* **Work task**
Print the data exactly as written, but leave out each picture.

* **Collected material**
BEGIN

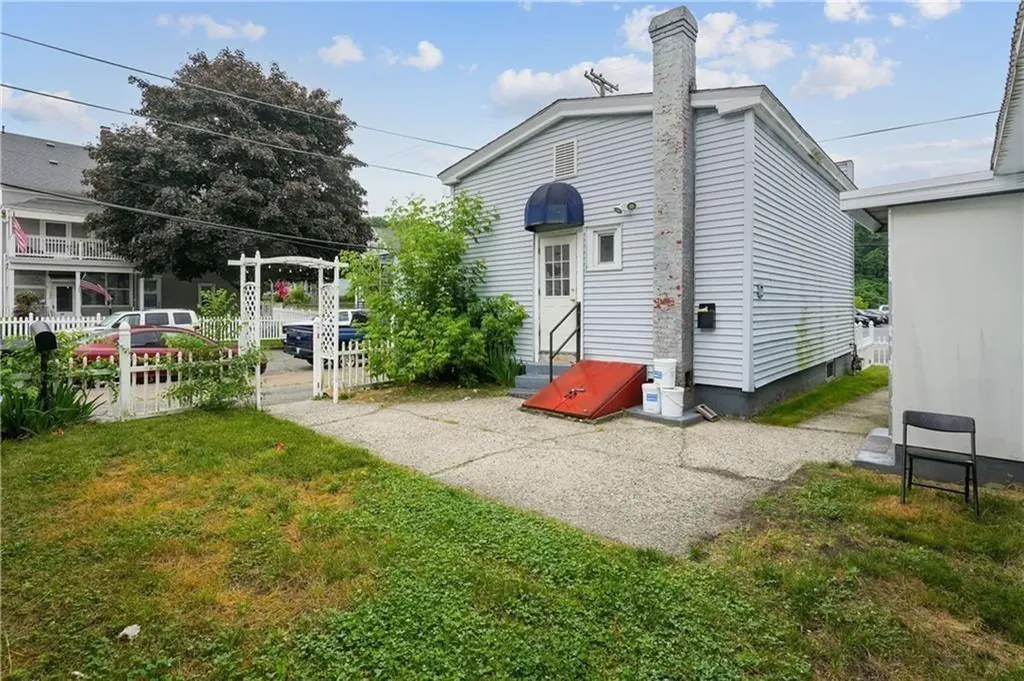 42 Transit Street Woonsocket RI 02895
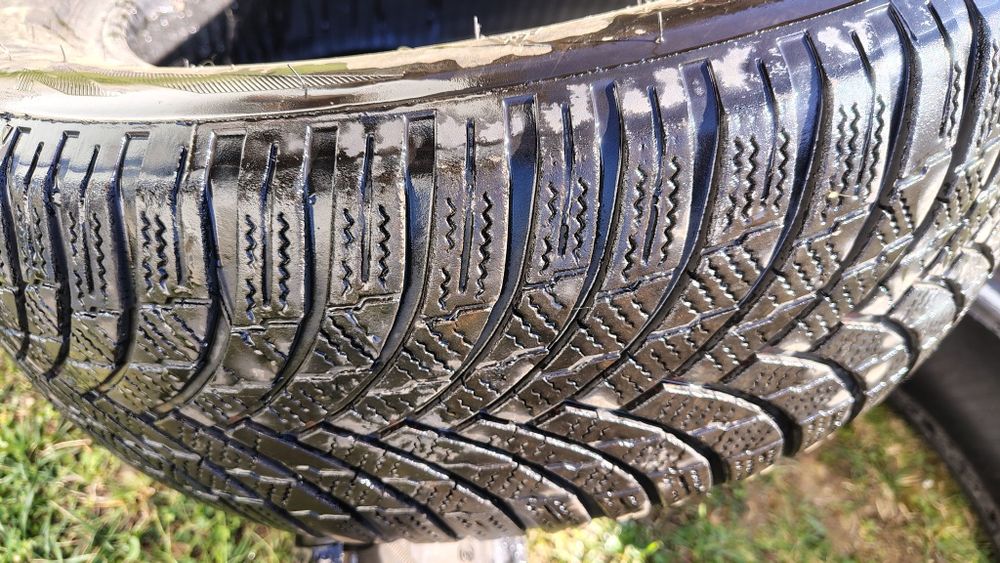 Cauciucuri iarnă  205/60/R16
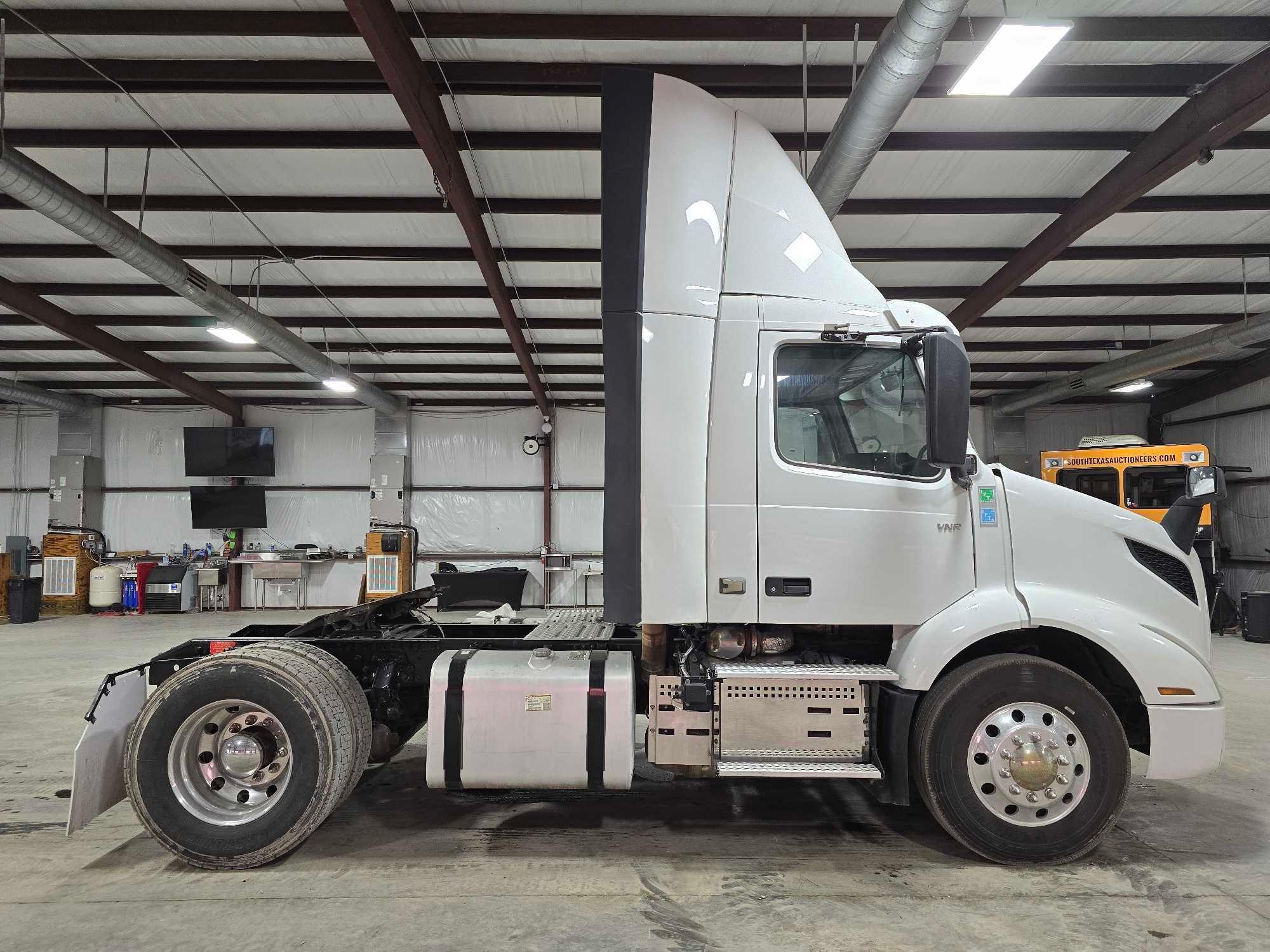 2019 Volvo VNR64T Day Cab Truck Tractor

END

* **Answer box**
 42 Transit Street Woonsocket RI 02895
 Cauciucuri iarnă  205/60/R16
 2019 Volvo VNR64T Day Cab Truck Tractor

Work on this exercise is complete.